The NLGN also recommended that:
- Local leaders, such as elected mayors, more proactively assemble and package up publicly-owned sites in ‘bundles’ for development across a city or area, with the view to drive quality development in areas which have traditionally suffered from low quality housing
- The government continues to implement the proposed rent policy (and increase) of CPI + 1% for social and affordable rents from 2020, as per the initial rent settlement, to allow housing associations and councils to invest in new homes with confidence
- The government provides a clear and sustainable funding solution to supported housing as a matter of urgency, with a supported housing allowance set at a higher level than the Local Housing Allowance, and sheltered accommodation removed from the proposed policy changes.
Research for the report was carried out over June-August last year based on 171 responses from councils and 142 responses from housing associations.
Responses were representative by region, type of council – excepting upper tier counties, which are not responsible for housing – and whether councils are stock-retaining or not.
A report recently released by Sigma Capital highlighted the need for dedicated vehicles to now accelerate the delivery of private rented family housing.
Some of the UK’s leading institutions have already invested in Sigma’s The PRS REIT plc – including Aviva, AXA, Hendersons, Deutsche Bank and Homes England.
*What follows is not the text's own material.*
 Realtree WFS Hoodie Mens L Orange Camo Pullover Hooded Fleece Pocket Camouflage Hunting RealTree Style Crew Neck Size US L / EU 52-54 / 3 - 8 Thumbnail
The report; ‘How local authorities can foster investment by corporate landlords in new private rental housing’, prepared by university professors, Tony Crook and Peter A. Kemp, pitched councils as ideally placed to create a modern, private rental offering by working closely with investors and developers.
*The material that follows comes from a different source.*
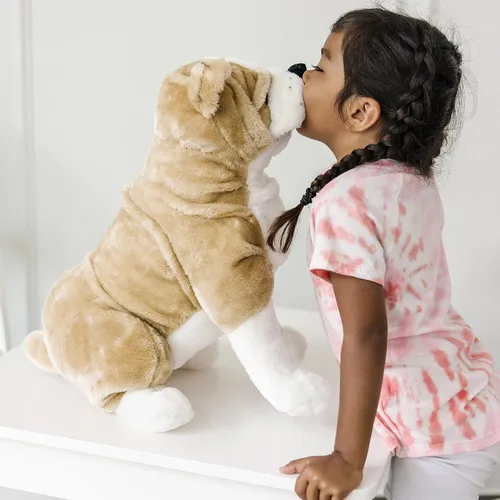 Miniatura 8 de Melissa & Doug Bulldog inglés gigante, animal de peluche realista (casi 2 pies de alto)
This report pitched the potential for residential property companies to bring development expertise and development finance to working with local authorities, which can use planning powers, land banks and long-term pension funding to cut housing shortages.
The report makes the case for a ‘more modern’ form of private landlordism that involves corporate owners operating on a substantial scale and investing long-term in purpose designed and built homes let on long-term tenancies – but meeting the needs of both short and long-term tenants alike.
To the report, many of the barriers that once prevented the emergence of this corporate sector have now been removed.
The long-term income returns that can be earned from an efficiently constructed and managed newly built sector are attractive to many developers and their funders, including pension and life funds because the long-term returns match their liabilities.
Most of the tax and legal impediments to the emergence of this corporately owned PRS sector have been largely removed and the government has set up a special fund to help ‘kick start’ new building for the PRS.
But potential investors cannot find the large scale well managed portfolios they need to make their investments work.
Nor do they want to take on the tasks and risks of creating these new developments themselves.
What they want instead is to be able to acquire newly built and fully let portfolios producing the income returns they want.
The report pitches a partnership take on development risk – something it says residential property companies and councils are well placed to do.
Working together, councils and property companies are said to have the opportunity to create a portfolio of newly built PRS accommodation, meeting a wide range of housing needs – helping councils meet their strategic housing requirements and assist households who are unable to buy their home and are not a priority for social rented housing.
A new-build PRS sector constructed through such partnerships is said to reduce overall housing shortages and subsequently ease increases in house prices, rents and housing benefit payments.
By adding to the housing stock in this way, councils are seen as better placed to remove the poorest PRS properties owned by rogue landlords because their tenants will have somewhere else – higher quality, more secure and better managed – in which to live.